GIAPPONE: OBIETTIVO CENTRATO

I quarti di finale iridati restano un tabù per Italrugby. Centrato l’obiettivo minimo per la rassegna iridata giapponese del 2019 – il terzo posto nel girone e la qualificazione ai Mondiali francesi del 2023 sono in cassaforte dopo le vittorie con Namibia e Canada – per la Nazionale di Conor O’Shea il sogno di entrare per la prima volta tra le prime otto si infrange contro la corazzata sudafricana all’Ecopa Stadium di Shizuoka.


Inutile dilungarsi, come sia andata la partita è noto a tutti: equilibrio sino a metà gara, con gli Springboks due volte in meta e l’Italia a rimanere aggrappata all’incontro (17-3) con la forza di volontà che è da sempre tratto distintivo della Nazionale. Poi il rosso sciagurato ad Andrea Lovotti per lo spear tackle ai danni di Vermeluen, i quasi quaranta minuti di inferiorità numerica, un 49-3 finale che costringe all’impresa su rientro per l’Italia.

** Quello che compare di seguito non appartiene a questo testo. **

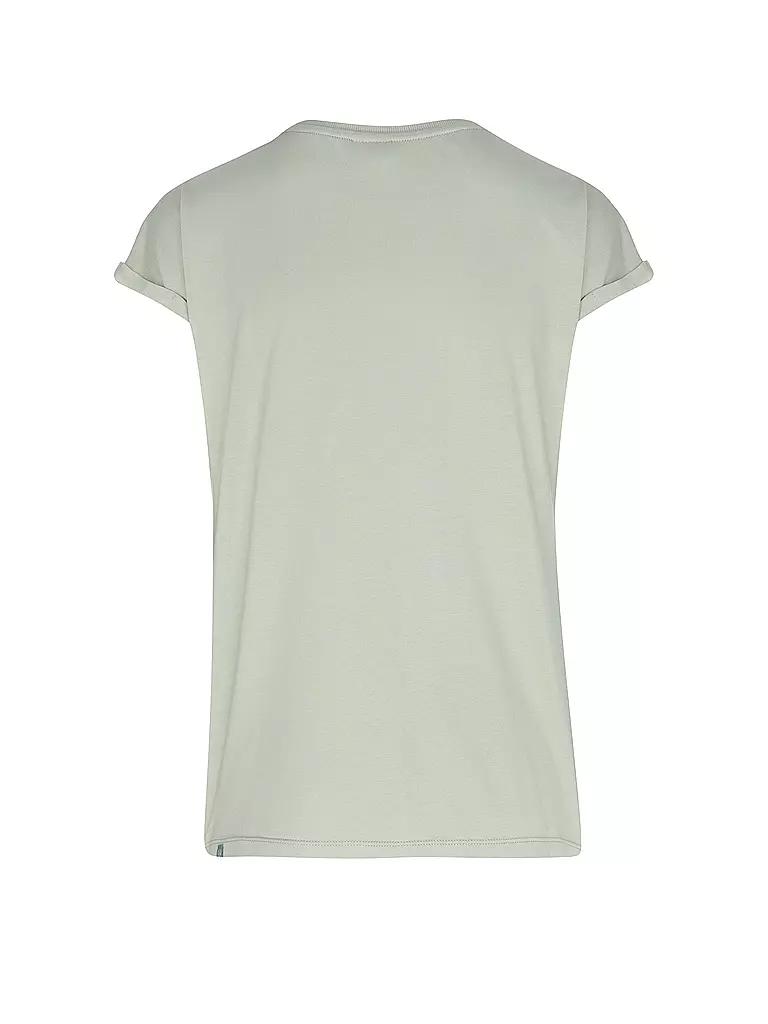 RAGWEAR | Camiseta DIONA PP | Verde claro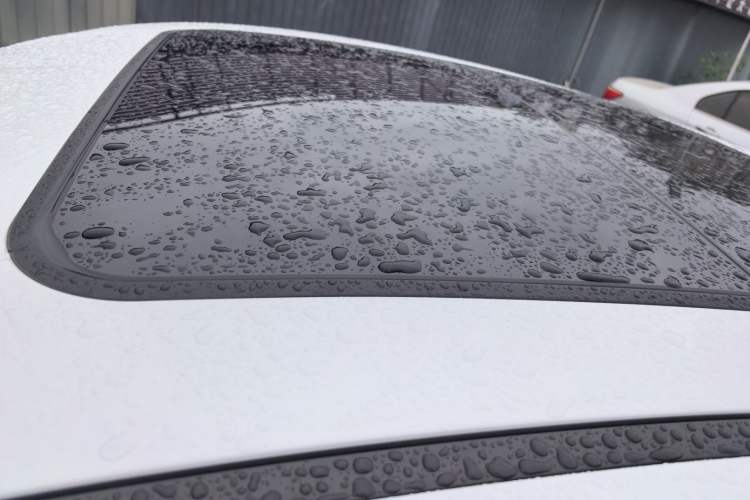 Used Chery Fengyun A8 2024 127 Chasing the Wind Edition Roof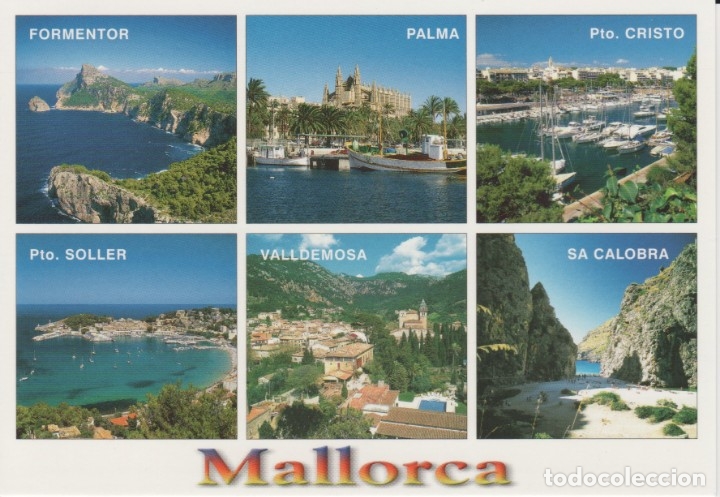 Postales: (1163) MALLORCA. - Foto 1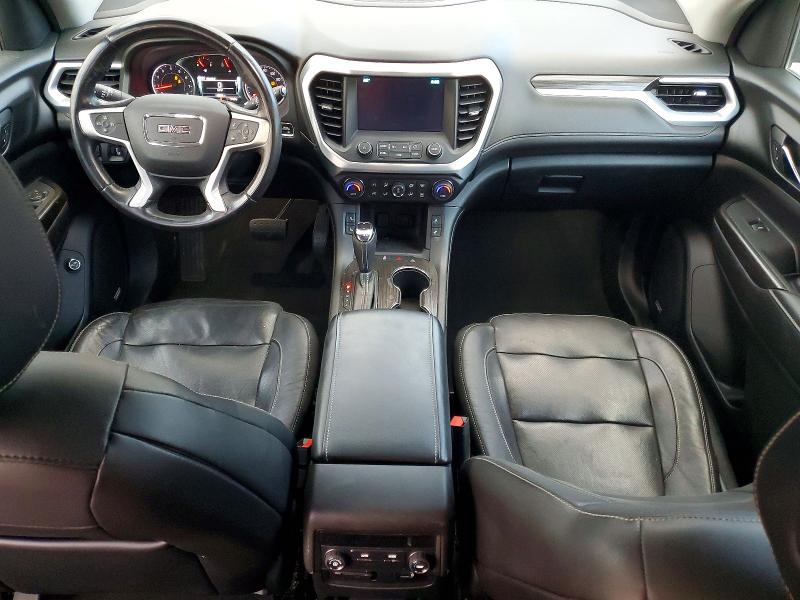 Photo 8 from auction – 2018 GMC ACADIA SLT with VIN 1GKKNMLSXJZ107833
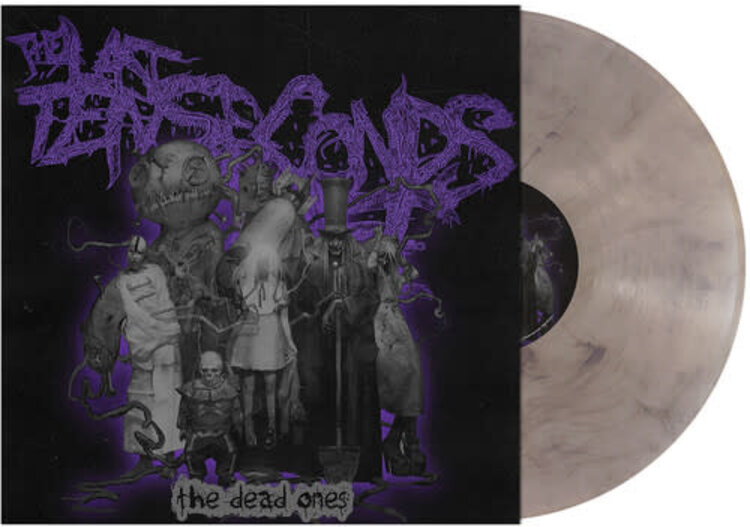 Metal Blade Last Ten Seconds of Life, The - Dead Ones LP (smoke vinyl)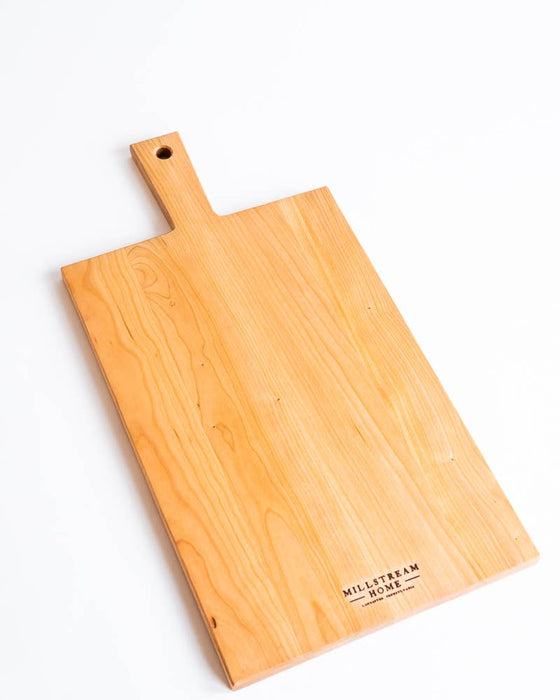 Millstream Home | The Handcrafted Cutting Board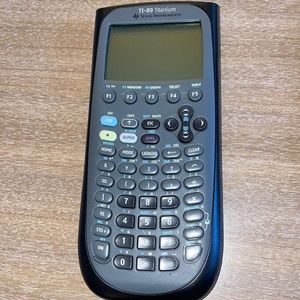 Texas Instruments TI-89 Titanium Calculator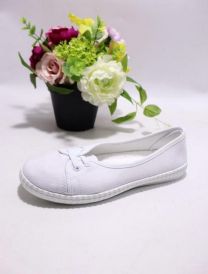 Trampki wiążane damskie(36-41/12P)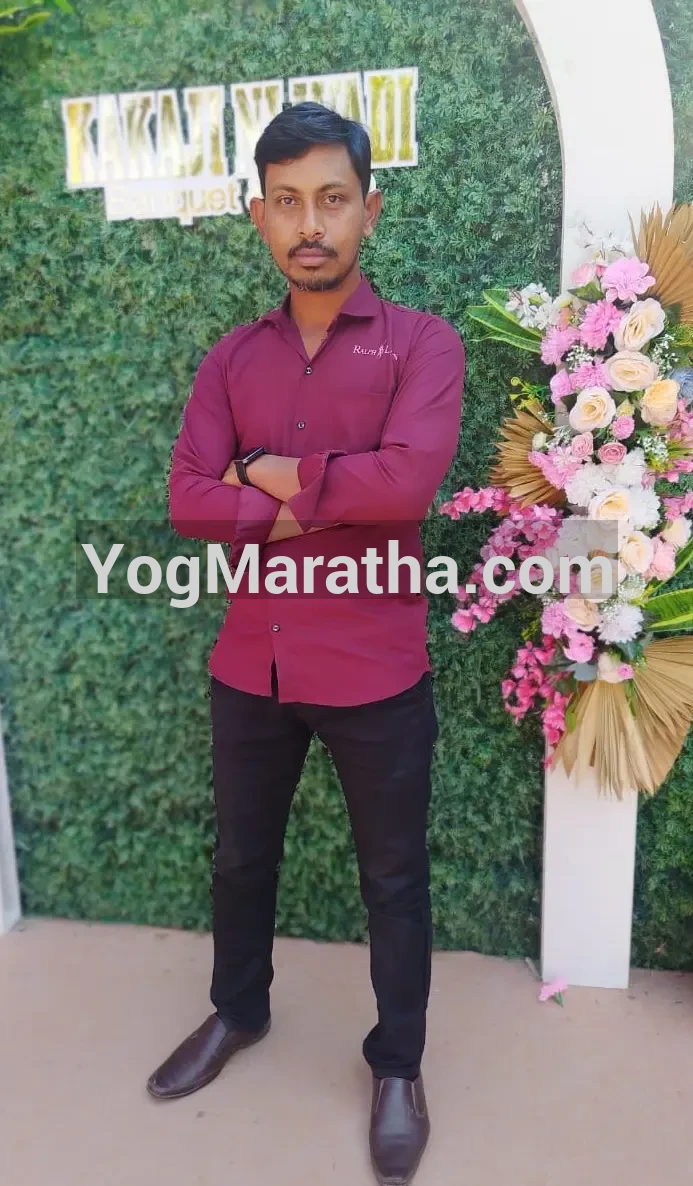 Maratha Marriage Profile Photo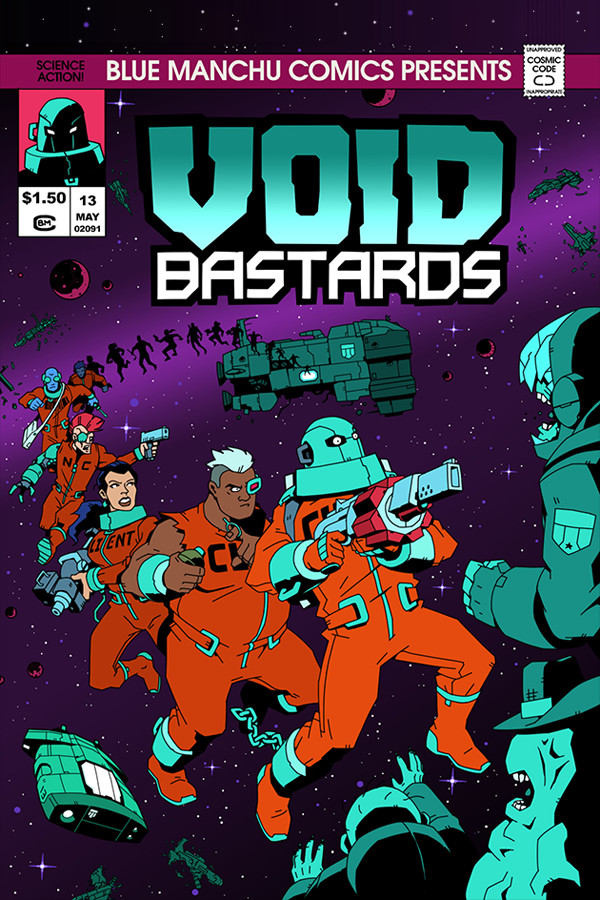 Void Bastards PC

Inutile addossare le colpe al pilone piacentino reo del fallo su Vermeulen o su Quaglio, l’altro pilone azzurro protagonista dell’azione che ha cambiato le sorti di una partita pianificata, studiata e attesa per tre anni, dal giorno del sorteggio mondiale: il Sudafrica avrebbe vinto comunque l’incontro. Differenti la fisicità che le qualità in campo, l’Italia avrebbe dovuto sfornare la prestazione perfetta e il Sudafrica ripetere la prova inconcludente del novembre 2016 a Firenze, il punto più alto della gestione di Conor O’Shea.

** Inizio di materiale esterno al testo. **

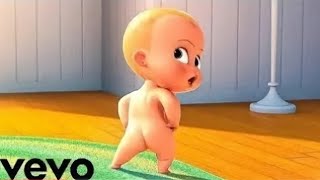 BABY BOSS  Dance Monkey Babycorp Music Video [upl. by Attennod40]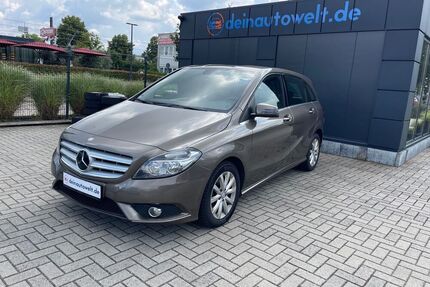 Mercedes B 200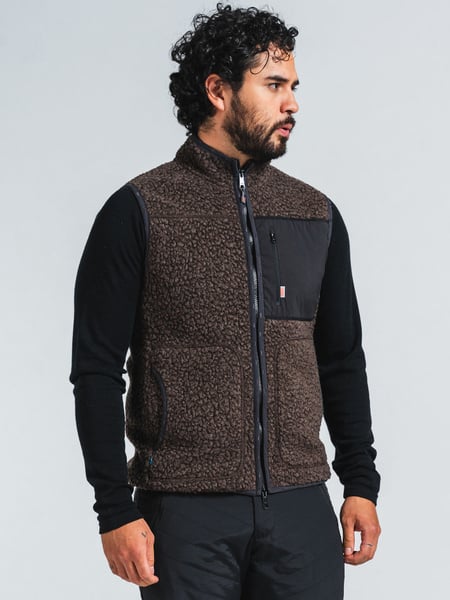 M Vargön Fat Wool Vest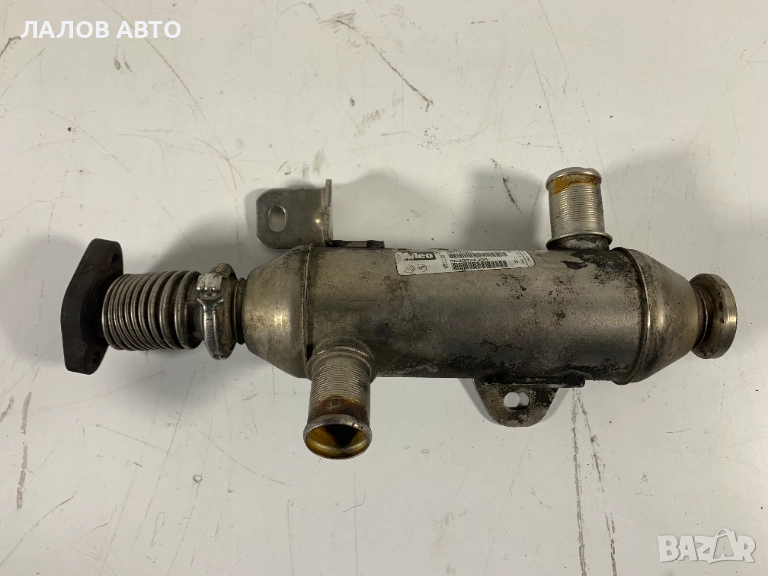 ЕГР охладител Пежо 307 2.0 EGR Ohladitel Peugeot 307 2.0HDI 90к.с. 9639874380, снимка 1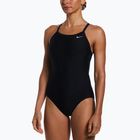 Strój pływacki jednoczęściowy damski Nike Solid Racerback black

Il CT irlandese dell’Italia, sbarcato ad aprile di ormai tre anni orsono nel nostro Paese, con ogni probabilità non proseguirà la propria avventura con la FIR dopo il 6 Nazioni 2020. La Federugby avrebbe voluto confermarlo, perché al netto dei risultati ha saputo dare fiducia, identità e organizzazione al movimento di vertice, ma la scelta dell’uomo di Limerick pare andare in altra direzione. Dove sia destinato non è al momento dato sapere, certo è che il suo addio rischia di far compiere al rugby italiano d’elite un carpiato all’indietro sotto molteplici punti di vista, non ultima quella legittimità internazionale che O’Shea aveva saputo rilanciare sin dal suo arrivo.

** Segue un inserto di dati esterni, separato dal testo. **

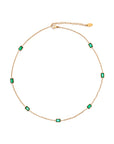 Jade Necklace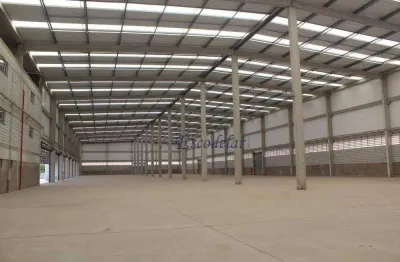 Barracão / Galpão / Depósito com 1 sala para alugar na Avenida João Paulo Ablas, Jardim da Glória, Cotia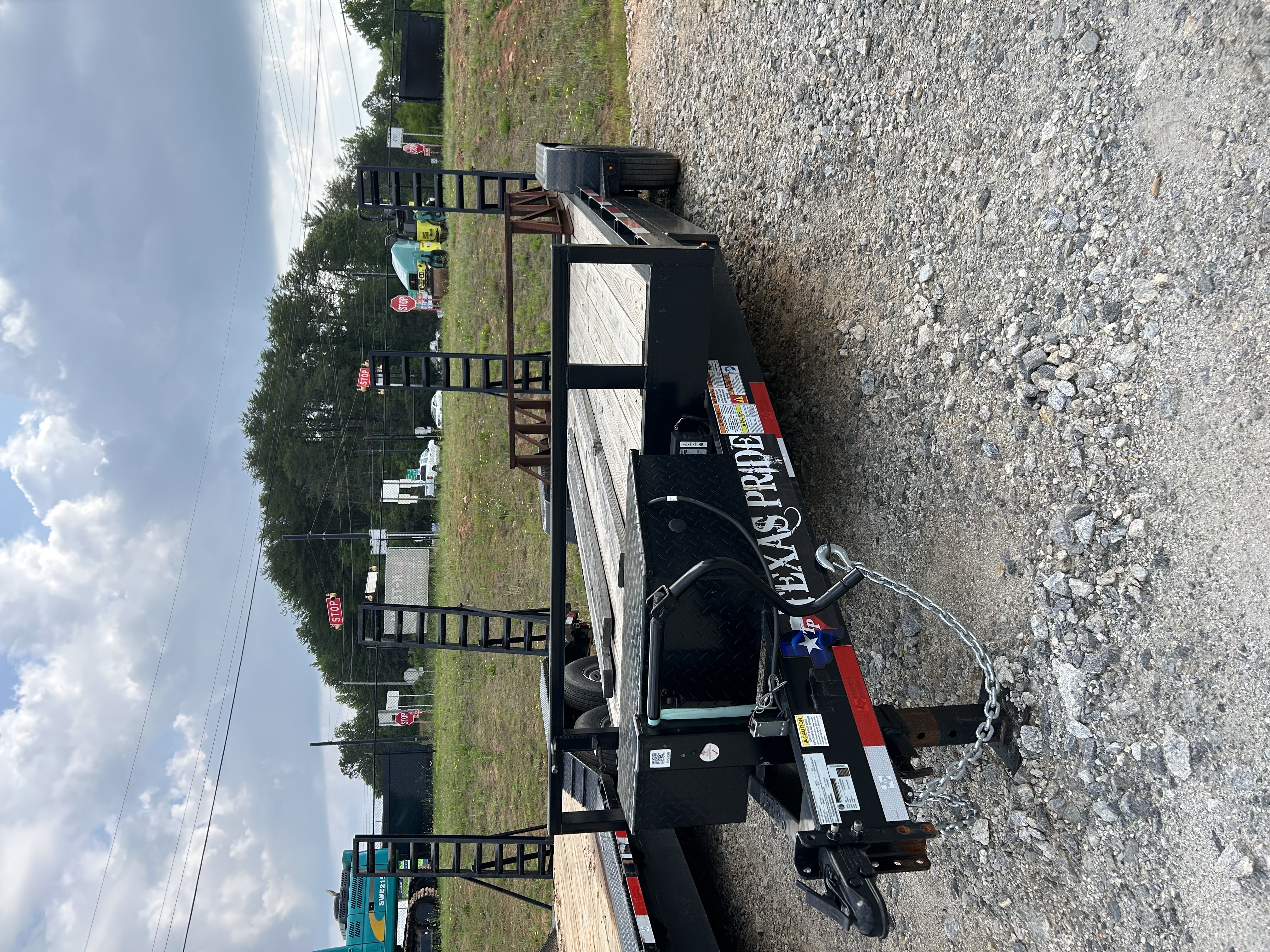 2024 Texas Pride Equipment Trailer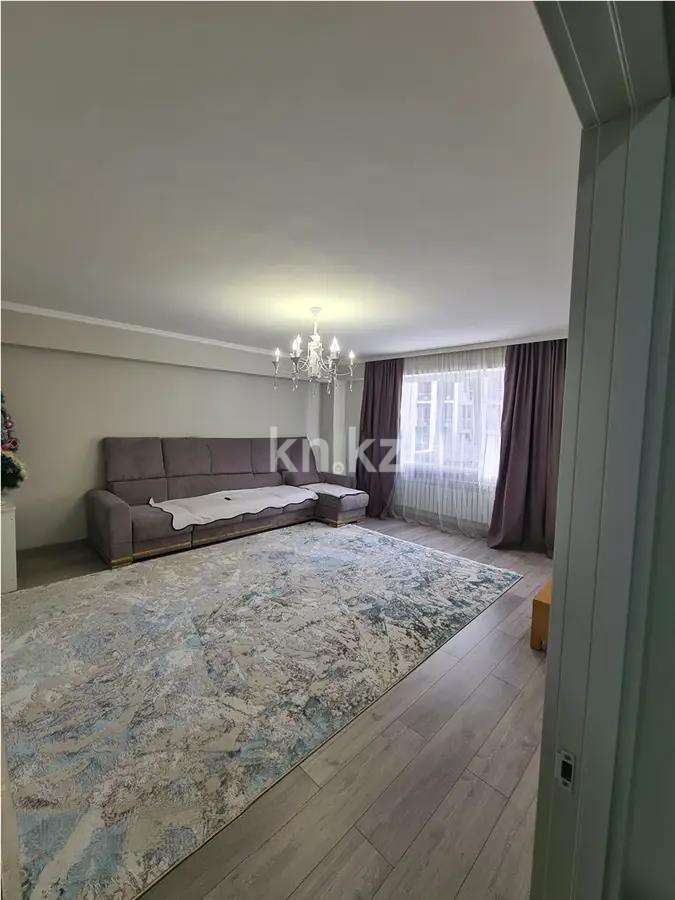 Продажа 3-комнатной квартиры, 84 м² в Алматы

Di certo, il Mondiale giapponese diviene il palcoscenico di tanti addii illustri per la maglia azzurra, con tre leggende all’ultima uscita internazionale di carriera. Monumenti come capitan Parisse, Leonardo Ghiraldini e Alessandro Zanni, autentiche icone della Nazionale di questo primo scorcio di millennio, sono arrivati ai titoli di coda dopo qualcosa come oltre trecentosessanta test-match complessivamente disputati.

All’orizzonte si affaccia una nidiata di volti nuovi, quella profondità che O’Shea ha a lungo inseguito durante il proprio mandato appare molto più concreta di quanto molti critici sembrino voler riconoscere: perché oltre ai vari Steyn, Polledri, Negri, Allan, Bellini, Riccioni o Minozzi molti altri giovani attendono la propria chiamata dopo aver stabilmente portato le nazionali giovanili ai vertici del continentali e nella top ten mondiale nelle ultime stagioni. Il futuro azzurro passa per i Cannone, i Lamaro, i Garbisi e tanti altri giovani talenti che hanno iniziato a ritagliarsi un posto in Guinness PRO14 o stanno cercando di mettersi in mostra nel Peroni TOP12.

Il lavoro è ben lungi dall’essere finito, ma una volta smaltita l’inevitabile delusione per non aver raggiunto il sogno dei in Giappone il rugby italiano potrà tornare al lavoro consapevole di essere, tra le mille difficoltà che caratterizzano lo sport d’alto livello, sulla strada giusta.